BEGIN

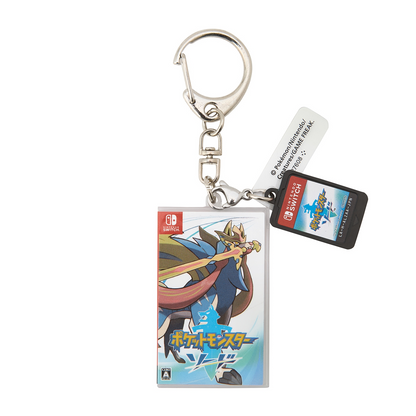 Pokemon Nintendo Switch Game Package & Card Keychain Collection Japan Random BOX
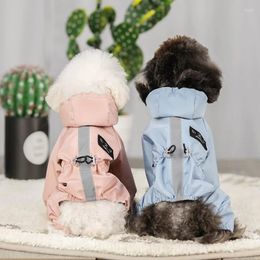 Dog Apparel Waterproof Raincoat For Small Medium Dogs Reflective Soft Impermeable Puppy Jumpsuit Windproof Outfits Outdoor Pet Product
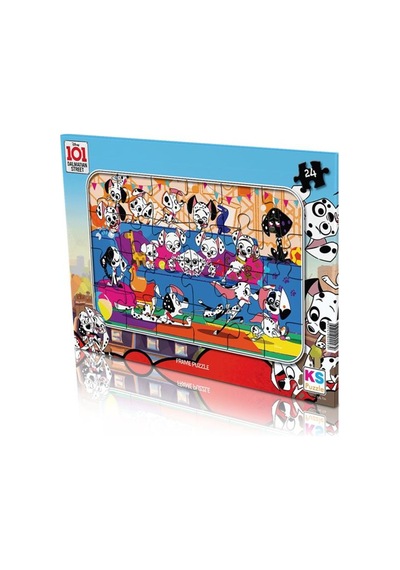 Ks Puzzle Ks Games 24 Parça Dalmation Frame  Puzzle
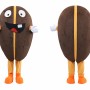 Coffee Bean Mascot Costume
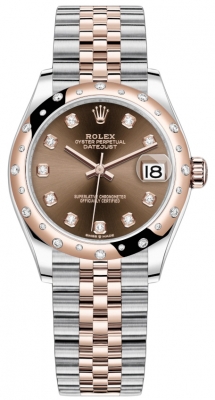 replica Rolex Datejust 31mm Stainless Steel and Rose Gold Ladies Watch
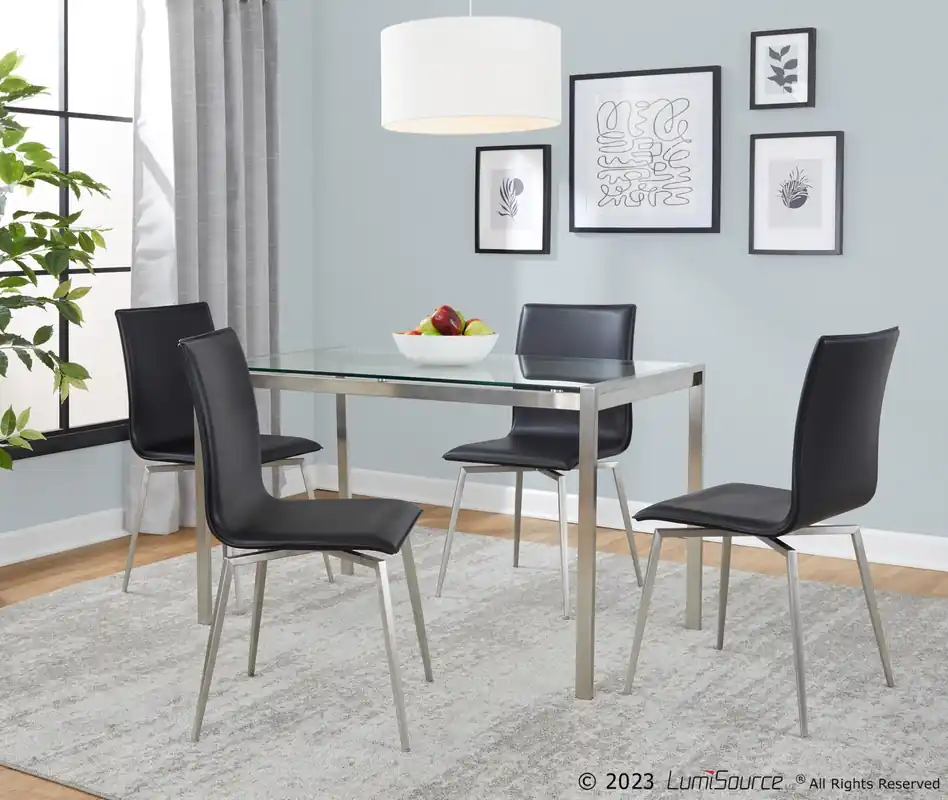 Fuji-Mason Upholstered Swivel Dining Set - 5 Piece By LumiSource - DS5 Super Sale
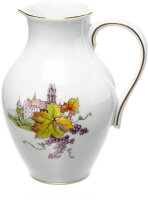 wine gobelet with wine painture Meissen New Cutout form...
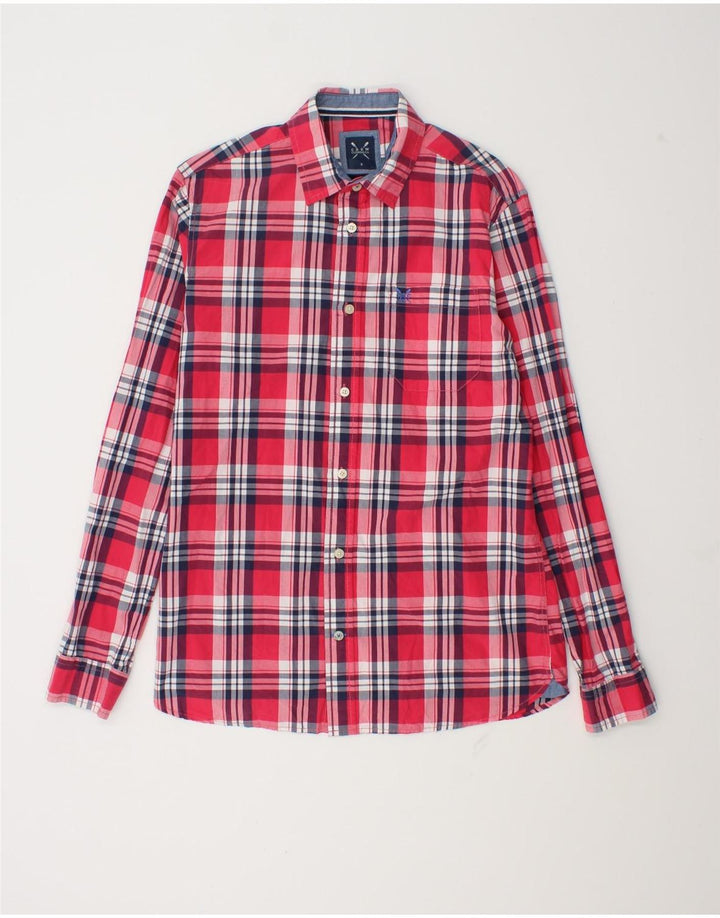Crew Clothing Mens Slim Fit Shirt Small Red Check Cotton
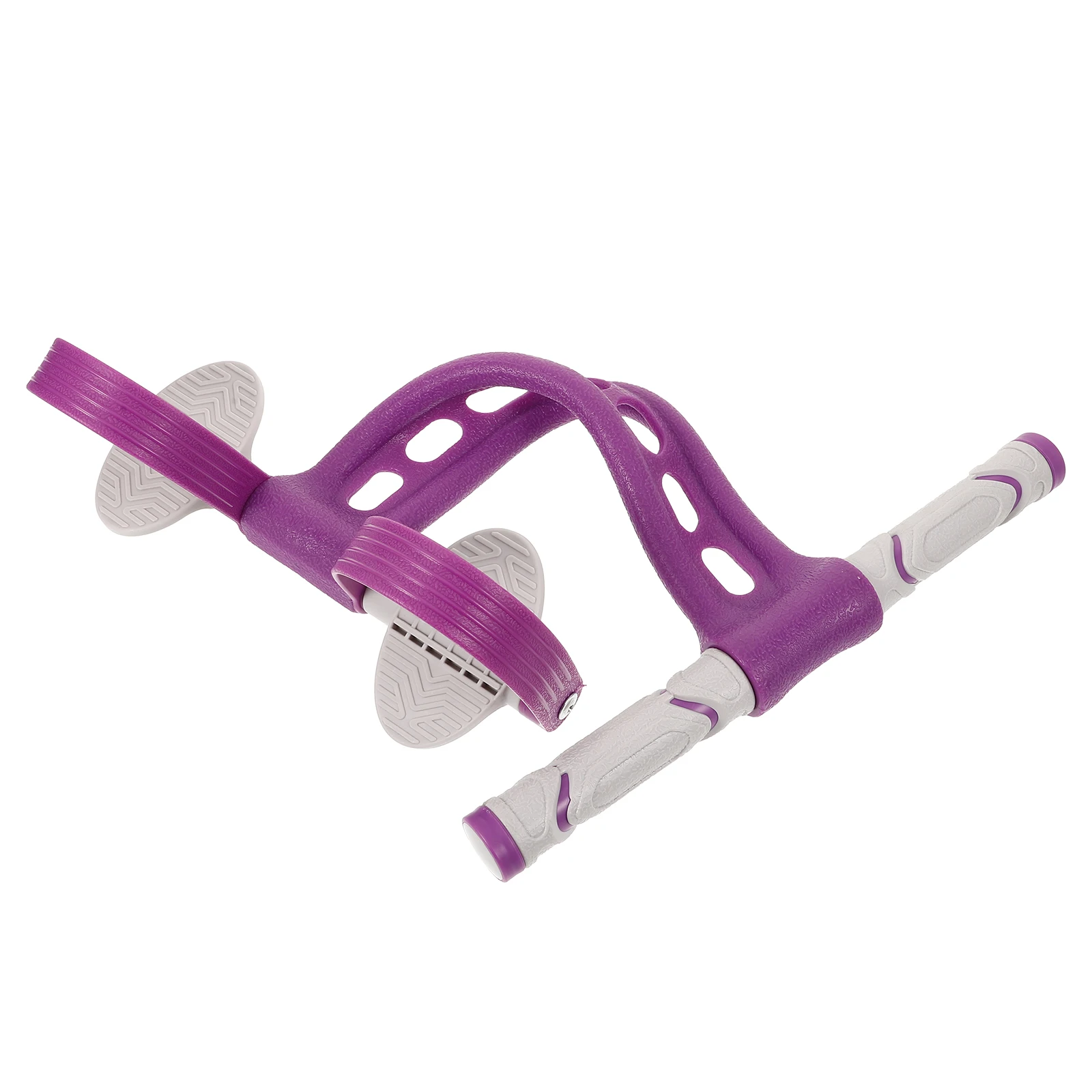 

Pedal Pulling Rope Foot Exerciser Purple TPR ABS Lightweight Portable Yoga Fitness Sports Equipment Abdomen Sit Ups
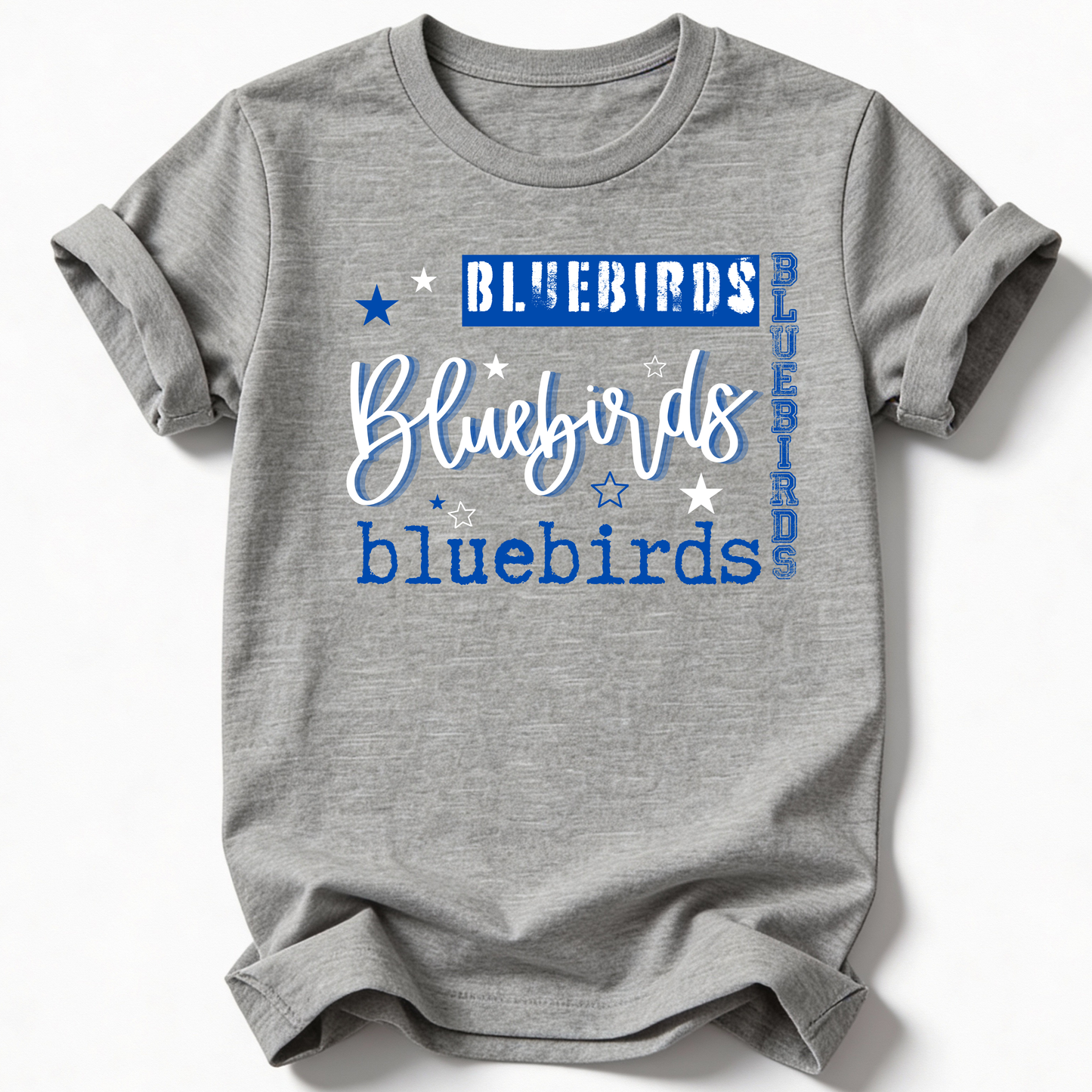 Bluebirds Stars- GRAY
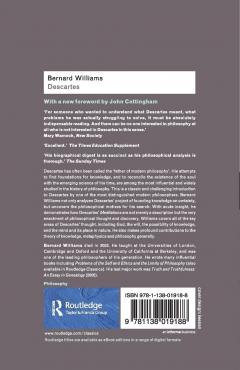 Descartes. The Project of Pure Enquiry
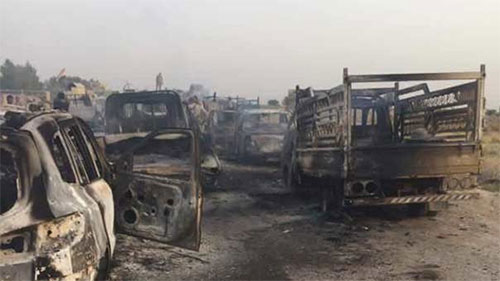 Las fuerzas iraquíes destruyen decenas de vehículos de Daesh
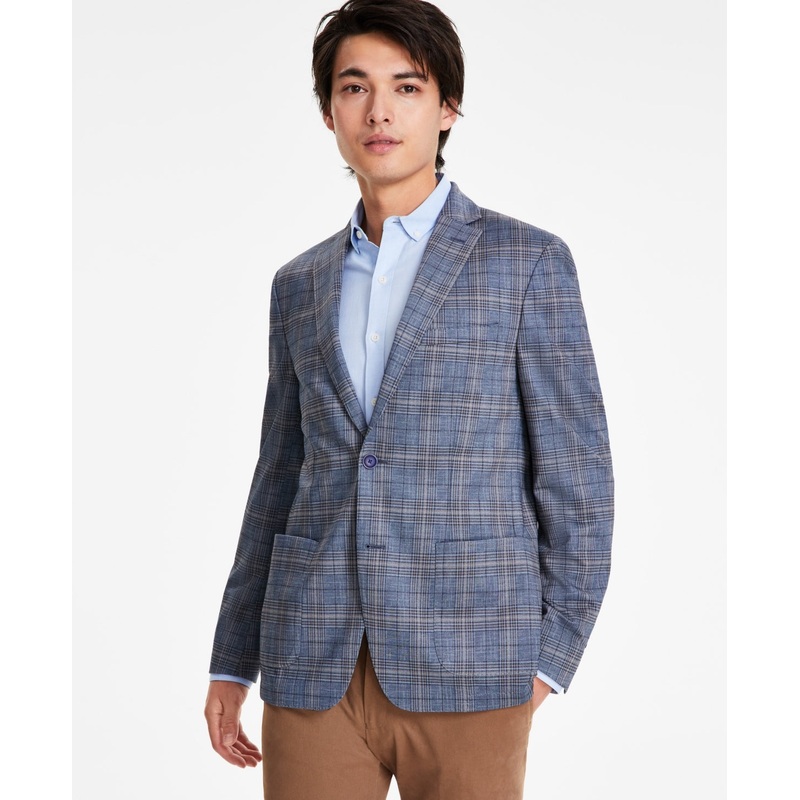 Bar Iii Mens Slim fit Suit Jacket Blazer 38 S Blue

END

The result should hold only the lines from the line with "Pedal Pulling Rope" through the final line of the records above, copied exactly, with pictures left out.

Pedal Pulling Rope Foot Exerciser Purple TPR ABS Lightweight Portable Yoga Fitness Sports Equipment Abdomen Sit Ups
 Bluebirds Stars- GRAY
 Descartes. The Project of Pure Enquiry
 Las fuerzas iraquíes destruyen decenas de vehículos de Daesh
 Bar Iii Mens Slim fit Suit Jacket Blazer 38 S Blue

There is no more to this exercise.